Du côté des ONG, plusieurs d'entre-elles comme Amnesty International et Human Rights Watch ont déjà critiqué les élections du 7 novembre, évoquant une atmosphère de répression. Les élections «ne garantissent pas les droits de l'Homme», ont déclaré les ONG dans un rapport dans lequel elles exhortent la communauté internationale à «redoubler d'efforts pour mettre fin à la crise».
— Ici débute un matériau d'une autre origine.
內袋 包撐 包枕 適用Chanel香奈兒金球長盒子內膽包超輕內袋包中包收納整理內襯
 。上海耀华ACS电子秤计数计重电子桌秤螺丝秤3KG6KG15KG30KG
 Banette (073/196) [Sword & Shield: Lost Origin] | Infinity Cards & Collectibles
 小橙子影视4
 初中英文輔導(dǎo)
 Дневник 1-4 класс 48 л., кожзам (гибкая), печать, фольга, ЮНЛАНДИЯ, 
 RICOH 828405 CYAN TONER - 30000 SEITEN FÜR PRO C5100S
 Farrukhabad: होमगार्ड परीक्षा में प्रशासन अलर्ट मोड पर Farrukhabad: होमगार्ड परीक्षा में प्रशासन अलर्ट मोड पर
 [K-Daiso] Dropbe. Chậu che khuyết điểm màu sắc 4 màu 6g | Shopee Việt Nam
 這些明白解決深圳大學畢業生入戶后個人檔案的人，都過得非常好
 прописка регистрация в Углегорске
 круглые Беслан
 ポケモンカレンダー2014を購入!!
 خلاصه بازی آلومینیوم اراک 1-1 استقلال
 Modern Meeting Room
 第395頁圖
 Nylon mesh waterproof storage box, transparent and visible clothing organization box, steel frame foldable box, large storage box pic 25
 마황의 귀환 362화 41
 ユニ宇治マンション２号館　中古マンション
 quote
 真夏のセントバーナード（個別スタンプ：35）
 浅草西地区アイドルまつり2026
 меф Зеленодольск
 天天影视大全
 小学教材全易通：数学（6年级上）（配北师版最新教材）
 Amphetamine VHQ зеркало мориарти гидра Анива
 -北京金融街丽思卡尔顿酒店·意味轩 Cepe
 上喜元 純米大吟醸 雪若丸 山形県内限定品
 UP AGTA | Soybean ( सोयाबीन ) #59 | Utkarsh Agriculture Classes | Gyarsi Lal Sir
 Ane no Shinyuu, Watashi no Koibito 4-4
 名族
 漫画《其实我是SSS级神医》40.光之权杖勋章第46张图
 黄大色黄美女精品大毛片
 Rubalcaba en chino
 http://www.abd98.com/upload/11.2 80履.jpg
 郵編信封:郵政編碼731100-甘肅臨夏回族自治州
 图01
D'anciens amis du sandinisme scandalisés
Mais il faut aussi noter que parmi ceux qui critiquent sévèrement les récents agissements du gouvernement Ortega, il y a aussi d'éminentes personnalités qui lui ont longtemps été alliées. Ainsi, comme le rapporte Le Monde diplomatique, contrairement aux épisodes précédents de controverses au sujet du Nicaragua, les critiques les plus virulentes ont également émané de figures emblématiques de la gauche. En juillet, plus de cinq cents anciens membres d’organisations de solidarité avec le Nicaragua aux Etats-Unis, qui avaient travaillé avec (et souvent pour) le gouvernement sandiniste dans les années 1980, ont signé une «Lettre ouverte au gouvernement nicaraguayen». Parmi les signataires : Noam Chomsky, Alice Walker, Daniel Ellsberg. S'ils continuent d'afficher leur soutien à la révolution sandiniste et dénoncent l’interventionnisme américain, ils ne mâchent pas leurs mots concernant les «crimes contre l'humanité» commis par les autorités nicaraguayennes. «Les crimes du gouvernement américain – hier comme aujourd’hui – ne sont pas la cause et ne justifient pas les crimes contre l’humanité commis par le régime actuel de Daniel Ortega et de Rosario Murillo», n'hésitent pas à lancer les signataires qui exigent la libération des prisonniers, des élections libres et transparentes, avec la participation des pré-candidats incarcérés et sous observation internationale.
Par ailleurs, il est à rappeler que le Mexique et l'Argentine ont annoncé conjointement le 21 juin rappeler leurs ambassadeurs au Nicaragua pour des consultations, après la vague d'arrestations. Dans un communiqué commun, les gouvernements de centre-gauche des deux pays ont expliqué mener des consultations sur «les actions politico-judiciaires préoccupantes menées par le gouvernement nicaraguayen».
Face à Daniel Ortega, il y aura bien cinq candidats briguant la magistrature suprême au Nicaragua, mais selon tous les observateurs, ils n'ont aucune chance de l'emporter. Si son bilan social et économique ne pousse pas à rougir, la vague d'arrestations à la veille de l'élection présidentielle risque d'isoler davantage le futur gouvernement Ortega au niveau international et peut-être de lui coûter cher.